Nestled among farming fields, just 20 minutes from the city of Denizli, lies the sleepy village of Pamukkale – home of the ruins of the ancient Roman spa town of Hierapolis (“holy” or “sacred” city in Greek), built by Eumenes II (the King of Pergamon) in 190 BC and the famous white travertines (thermal pools).
As water from the hot springs that run below Hierapolis flowed down the steep hill below the ancient city it lost carbon dioxide, and deposited stepped layers of white limestone. It is the formation of these which gave the town its modern name of Pamukkale, which translates in Turkish to “cotton castle”.
Hierapolis was primarily a resort and healing centre, although it was also famous for its textiles – a tradition that continues today. In ancient times, people came from all over to bathe in the waters which were believed to heal skin conditions, arthritis and more. After earthquakes destroyed the city, buildings were rebuilt in the Roman style, as the city was under control of the Roman Empire at that time.
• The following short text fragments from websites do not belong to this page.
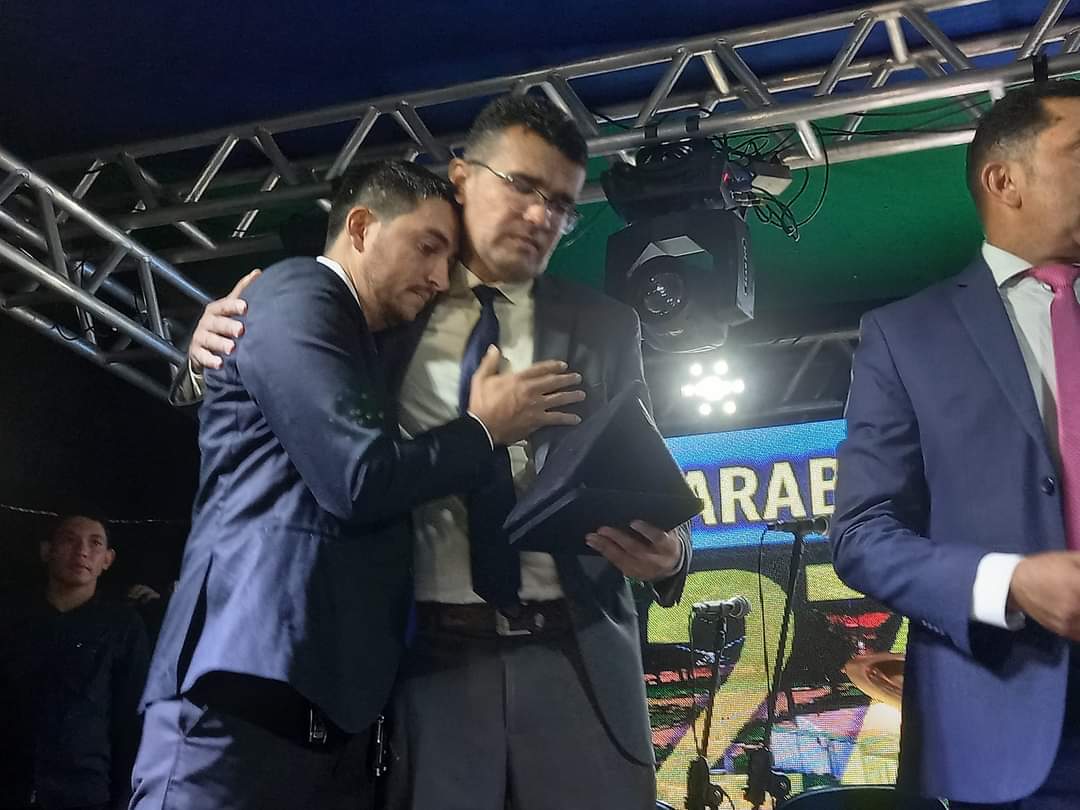 LAHÉSIO BONFIM recebe condecoração e homenagem no 27º. aniversário de São Pedro do Crentes-MA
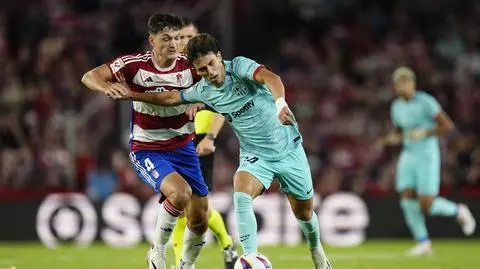 Barcelona bez Lewandowskiego straciła punkty na boisku Granady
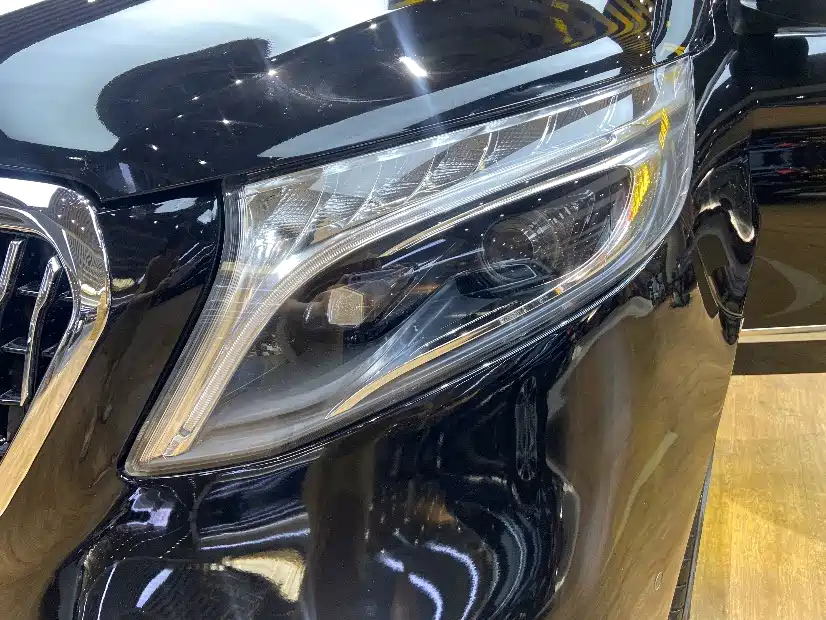 Mercedes-Benz V-Class (Import) — миниатюра 17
Under Roman control, it became a popular centre of arts, philosophy and trade.
The ruins of Hierapolis are extensive – visitors will see city walls, an impressive theatre, a temple of Apollo, baths, paved streets and an incredibly well-preserved necropolis (burial ground).
Visitors to the site also have the chance to swim over fallen Roman columns in the Cleopatra Antique Pool (for an additional fee) which is fed by the thermal springs, making the water lovely to swim in at any time of year.